**TASK REQUIREMENTS**
Restate the last part of the records below word for word, beginning at the line with "FEMALE HALFMOON DUMBO EAR GOLD BETTA FISH" and ending at the final line.

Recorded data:
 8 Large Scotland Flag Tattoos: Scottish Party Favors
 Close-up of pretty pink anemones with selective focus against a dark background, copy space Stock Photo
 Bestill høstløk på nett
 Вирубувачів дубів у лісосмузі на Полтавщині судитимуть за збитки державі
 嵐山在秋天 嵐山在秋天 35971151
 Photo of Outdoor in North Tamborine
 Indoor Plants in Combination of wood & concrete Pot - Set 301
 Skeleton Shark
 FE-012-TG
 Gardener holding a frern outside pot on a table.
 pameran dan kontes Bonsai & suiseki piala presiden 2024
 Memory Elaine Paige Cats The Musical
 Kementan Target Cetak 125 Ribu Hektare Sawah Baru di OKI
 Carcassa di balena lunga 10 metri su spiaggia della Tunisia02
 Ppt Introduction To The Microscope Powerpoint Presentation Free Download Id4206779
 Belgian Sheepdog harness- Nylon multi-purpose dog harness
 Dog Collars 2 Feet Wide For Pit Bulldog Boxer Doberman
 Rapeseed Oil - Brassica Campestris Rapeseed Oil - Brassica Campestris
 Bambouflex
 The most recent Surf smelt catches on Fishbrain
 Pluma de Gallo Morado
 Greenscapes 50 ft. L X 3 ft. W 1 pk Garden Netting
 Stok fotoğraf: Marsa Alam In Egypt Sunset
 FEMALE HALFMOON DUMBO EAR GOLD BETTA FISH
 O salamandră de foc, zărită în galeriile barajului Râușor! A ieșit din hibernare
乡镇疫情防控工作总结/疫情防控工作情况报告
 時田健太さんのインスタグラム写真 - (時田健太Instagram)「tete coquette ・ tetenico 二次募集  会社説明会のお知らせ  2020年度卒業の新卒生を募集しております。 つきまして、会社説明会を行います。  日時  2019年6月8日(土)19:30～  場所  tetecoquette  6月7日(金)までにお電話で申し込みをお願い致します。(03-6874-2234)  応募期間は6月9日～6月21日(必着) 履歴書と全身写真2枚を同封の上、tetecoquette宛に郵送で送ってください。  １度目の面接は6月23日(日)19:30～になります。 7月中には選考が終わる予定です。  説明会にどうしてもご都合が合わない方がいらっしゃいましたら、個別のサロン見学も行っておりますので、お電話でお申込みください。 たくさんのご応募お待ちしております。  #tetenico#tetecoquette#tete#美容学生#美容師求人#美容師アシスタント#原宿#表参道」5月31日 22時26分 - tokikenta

**ANSWER TO THIS EXERCISE**
 FEMALE HALFMOON DUMBO EAR GOLD BETTA FISH
 O salamandră de foc, zărită în galeriile barajului Râușor! A ieșit din hibernare
乡镇疫情防控工作总结/疫情防控工作情况报告
 時田健太さんのインスタグラム写真 - (時田健太Instagram)「tete coquette ・ tetenico 二次募集  会社説明会のお知らせ  2020年度卒業の新卒生を募集しております。 つきまして、会社説明会を行います。  日時  2019年6月8日(土)19:30～  場所  tetecoquette  6月7日(金)までにお電話で申し込みをお願い致します。(03-6874-2234)  応募期間は6月9日～6月21日(必着) 履歴書と全身写真2枚を同封の上、tetecoquette宛に郵送で送ってください。  １度目の面接は6月23日(日)19:30～になります。 7月中には選考が終わる予定です。  説明会にどうしてもご都合が合わない方がいらっしゃいましたら、個別のサロン見学も行っておりますので、お電話でお申込みください。 たくさんのご応募お待ちしております。  #tetenico#tetecoquette#tete#美容学生#美容師求人#美容師アシスタント#原宿#表参道」5月31日 22時26分 - tokikenta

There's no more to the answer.